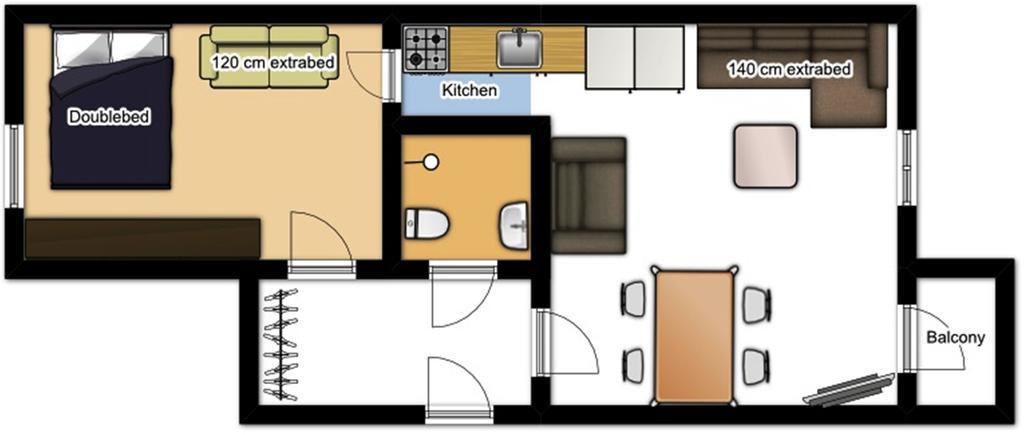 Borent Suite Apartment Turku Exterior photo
═══
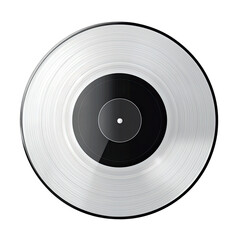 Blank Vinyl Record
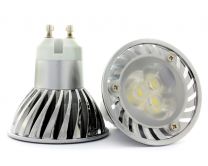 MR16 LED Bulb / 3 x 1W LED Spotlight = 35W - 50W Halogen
═══
§ TASK STATEMENT: Copy only what runs above from the line containing "Blank Vinyl Record" through the line containing "MR16 LED Bulb", exactly. Leave out the pictures.

§ WRITTEN ANSWER:
 Blank Vinyl Record
 MR16 LED Bulb / 3 x 1W LED Spotlight = 35W - 50W Halogen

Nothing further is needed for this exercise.